An FBI database established in 2021 to help prevent law enforcement suicides and increase awareness and understanding of the occurrences is now online.
The Law Enforcement Suicide Data Collection (LESDC) was recently added to the FBI’s Crime Data Explorer platform, a dynamic online clearinghouse of FBI statistics and research. The collection displays the most current information about suicides and suicide attempts from participating law enforcement agencies.
Data includes circumstances surrounding law enforcement suicides and suicide attempts, general locations, demographics, occupations, and the methods used.
“We aim to provide agencies with the means to understand and mitigate situations which could eventually lead to a death by suicide,” said Lora Klingensmith, a program manager in the FBI’s Criminal Justice Information Services (CJIS) Division, which manages the Bureau’s Uniform Crime Reporting (UCR) Program.
This year, according to the LESDC, seven law enforcement agencies have reported nine suicides and three attempted suicides. All the suicide victims were males—seven were white, one was Black, and one was Hispanic or Latino. Firearms were used in seven suicides; two were listed as “other.” The collection does not collect information that identifies individuals.
As with crime statistics, the ideal is to have more agencies report to the LESDC so that a more representative picture emerges. Law enforcement agencies are not required to submit suicide information to the FBI; it’s voluntary. But the Law Enforcement Suicide Data Collection Act, passed in 2020, requires the attorney general and the FBI to report the suicide data annually to Congress. The FBI, which has a nearly century-long history of collecting data from law enforcement agencies, began collecting the information from agencies on January 1, 2022.
"We aim to provide agencies with the means to understand and mitigate situations which could eventually lead to a death by suicide.”
Lora Klingensmith, program manager, FBI Criminal Justice Information Services Division
Agencies can submit information to the LESDC through an online portal with CJIS. The information categories include:
- Circumstances and events that occurred before each suicide or attempted suicide
- General location
- Demographic information
- Occupational category
- Method used
Rather than just meeting the annual reporting requirement, CJIS explored developing a more responsive model that could present data to the public as soon as it has been validated. The model follows similar evolutions in the FBI’s reporting of data on topics like hate crimes, the use of force, and law enforcement officers who are killed or wounded in the line of duty.
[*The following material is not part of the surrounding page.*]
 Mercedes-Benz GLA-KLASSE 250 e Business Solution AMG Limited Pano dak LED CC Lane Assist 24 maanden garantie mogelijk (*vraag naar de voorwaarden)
These used to be reported annually. But with the online Crime Data Explorer, the Bureau has been able to release numbers on a more rolling basis.
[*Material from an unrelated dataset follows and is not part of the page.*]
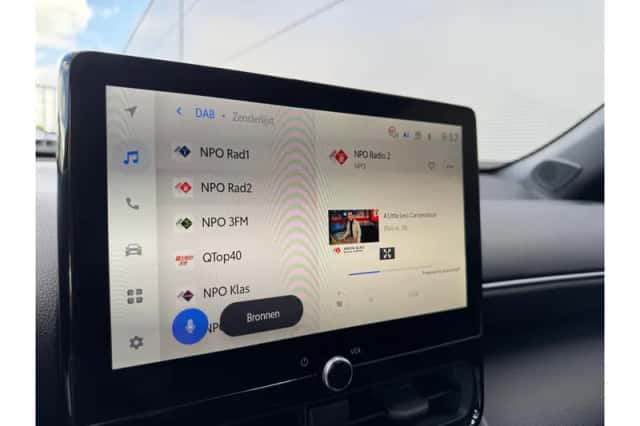 Toyota Yaris Cross (2025) thumbnail 6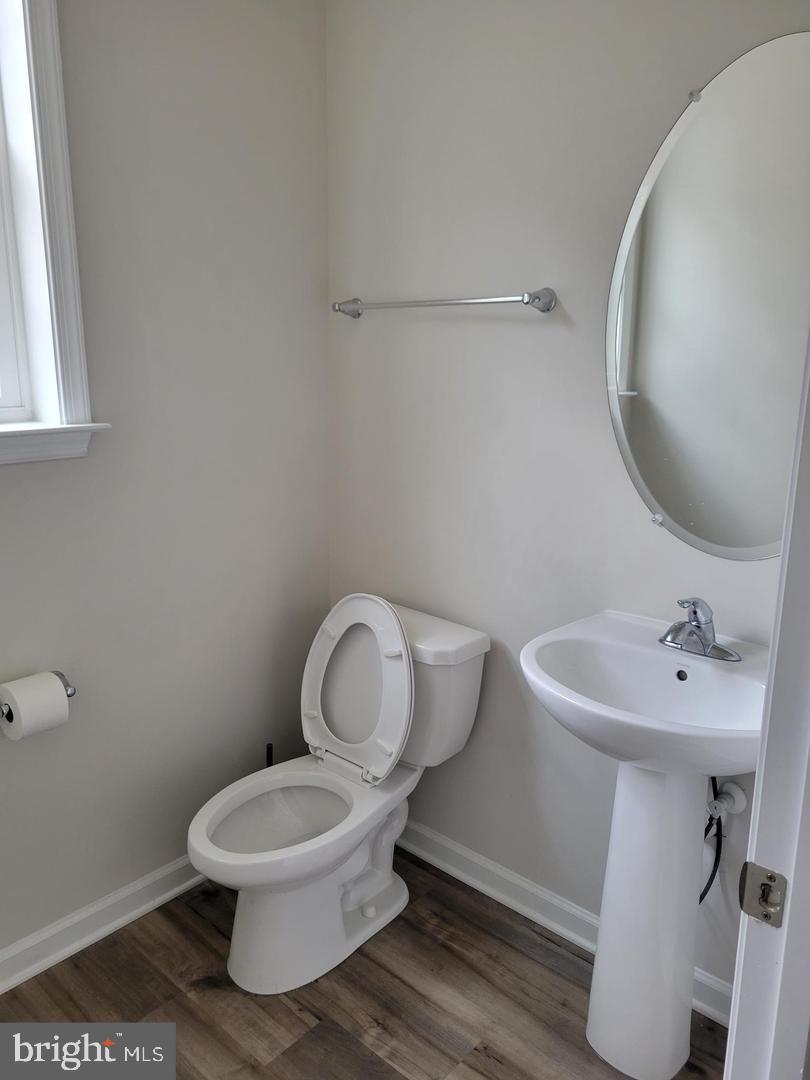 WESTRIDGE AT WESTPHALIA - Residential Lease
“The effort now is to take all the data collections we have, including LESDC, and automate them in such a way that the data is validated in as real-time as possible,” said Edward Abraham, unit chief of the Crime and Law Enforcement Statistics Unit at CJIS. “It’s real-time in the sense that as soon as we receive it and validate it, it is going out.”
Producing a current and objective picture of law enforcement suicides may also help reduce the stigma around law enforcement seeking mental health help.
“This stigma has kept officers from getting the assistance they need,” CJIS writer Zach Lilly wrote in a report last year in the FBI’s Law Enforcement Bulletin. The report showed that law enforcement officers face a higher risk of death by suicide than of being killed in the line of duty.
As more agencies contribute data to the LESDC and the results are published, he continued, law enforcement personnel may be encouraged that the feelings they experience are common and should no longer be perceived as a weakness.
“An important step toward restoring mental health and well-being throughout law enforcement” Lilly wrote, “is collecting and publishing this data with the hope of reducing the stigma of seeking help.”